Six name changes and a geographical shift would be enough reason to give anyone an identity crisis. Port Alfred, however, a beacon of heritage along the Eastern Cape coastline, suffers no personality disorders whatsoever, despite being previously named everything from Port Frances (after then-governor Lord Charles Somerset’s daughter-in-law) and Albany to Kowie Town and Victoria. And, the fact that her river was redirected so that its entry point would better accommodate ships, has only given her a stronger identity as a fun-loving holiday town where speedboats and waterskiiers are able to whizz through her waters.

It was during the 1820s that the British Settlers moved into the area – an attempt by Somerset to establish a buffer between the local Xhosa community and the Western Cape. These early inhabitants shacked up in tents, tin shanties and wagons until their huts and homes were completed. They planted crops and set up trade, dealing with voyagers landing at the seaside town and travelling inland to Grahamstown. Sailors who had jumped ship also became part of the community, as did sea traders who opted to stay and make the attractive area their home too.
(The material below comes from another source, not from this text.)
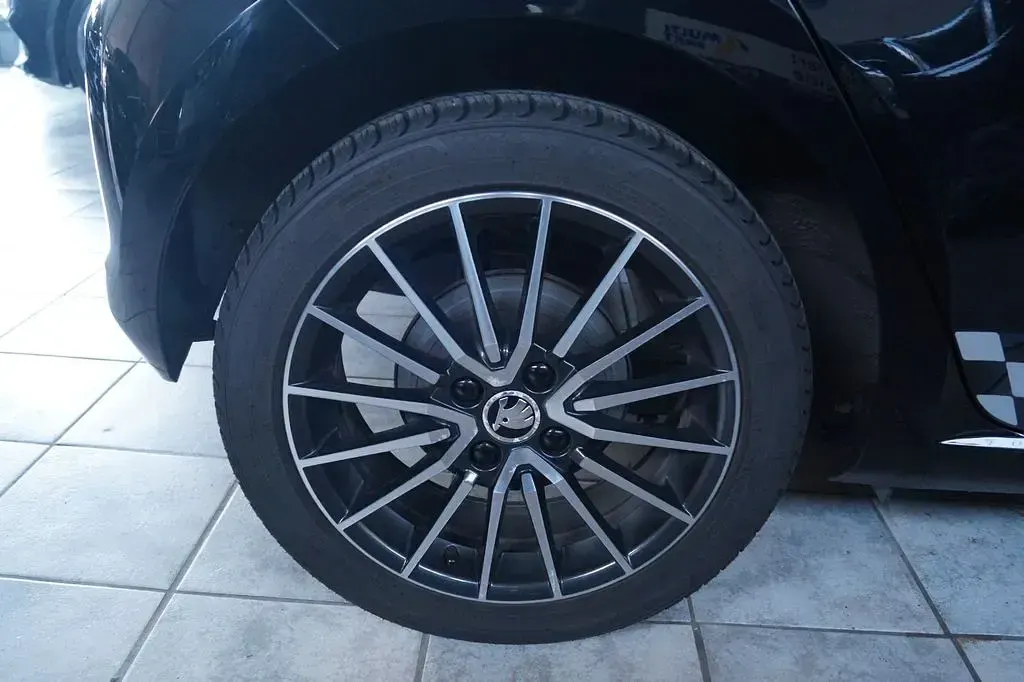 Gebraucht Skoda Citigo Monte Carlo 60 PS (44 kW) 2016 Schwarz Kleinwagen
The popularity of Port Alfred meant that hotels had to be built.

In the Beginning 2The first one, The Cove (now Ferrymans), was established in front of a bubbling freshwater well, which still offers nature’s source today. The town’s other water attraction – the Kowie River – had its mouth widened at the time that it was redirected, allowing bigger ships to enter and dock and do their trade, giving the town greater accessibility to the outside world. This didn’t last long, however. Besides the sand banks causing too many shipwrecks (the church bell on the 1826 Settlers Church comes from one of these wrecks), a train line was completed between Port Elizabeth and Grahamstown in 1881, making inland transport from the bigger coastal city much more of an attractive option for traders. And so Port Alfred lost its appeal as a harbour town.

But she didn’t let this get to her. She knew that those who wanted to experience her charm and beauty would still pay her a visit. She was right! In 1860, Queen Victoria’s son, Prince Alfred, visited the confident town. In honour of his stamp-of-approval visit to celebrate his 16th birthday, the town was renamed one last time. Port Alfred: she is who she is.